# YOUR ASSIGNMENT:
Leave the images out, and otherwise write out each entry exactly.

(Scraped caption text data)
Start of Block

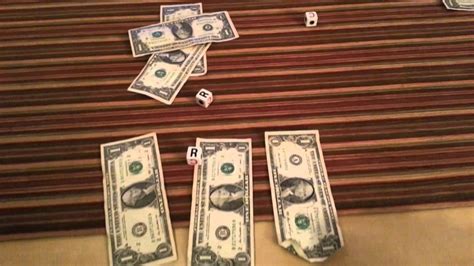 dice game with dollar bills|Dollar Bill Game (Left, Center, Right).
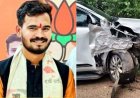 NH -130 -C में कार और पिकअप में जोरदार टक्कर, बाल बाल बचे रायपुर जा रहे जिला पंचायत गरियाबंद अध्यक्ष गौरीशंकर कश्यप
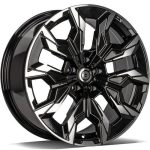 Statusfälgar Grand Black Front Polished 8x18 jako:5x120 et:30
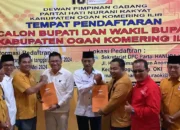 Pasangan JADI Kompak Ambil Formulir di Partai Hanura, Konsolidasi Politik yang Memperkuat Dukungan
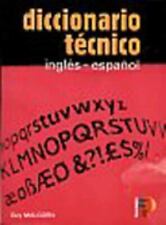 Diccionario tecnico Ingles Espanol/Dicionário Técnico Inglês Espanhol:..., usado comprar usado  Enviando para Brazil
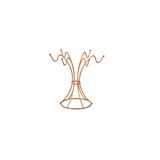 Edora Home Rose Takı Standı Kolye Bileklik Tesbihlik Düzenleyici Paslanmaz Metal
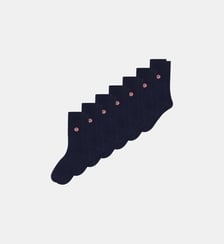 Lot de 7 chaussettes mi-hautes en coton Le Slip Francais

End of Block

# WORKED SOLUTION:
 dice game with dollar bills|Dollar Bill Game (Left, Center, Right).
 NH -130 -C में कार और पिकअप में जोरदार टक्कर, बाल बाल बचे रायपुर जा रहे जिला पंचायत गरियाबंद अध्यक्ष गौरीशंकर कश्यप
 Statusfälgar Grand Black Front Polished 8x18 jako:5x120 et:30
 Pasangan JADI Kompak Ambil Formulir di Partai Hanura, Konsolidasi Politik yang Memperkuat Dukungan
 Diccionario tecnico Ingles Espanol/Dicionário Técnico Inglês Espanhol:..., usado comprar usado  Enviando para Brazil
 Edora Home Rose Takı Standı Kolye Bileklik Tesbihlik Düzenleyici Paslanmaz Metal
 Lot de 7 chaussettes mi-hautes en coton Le Slip Francais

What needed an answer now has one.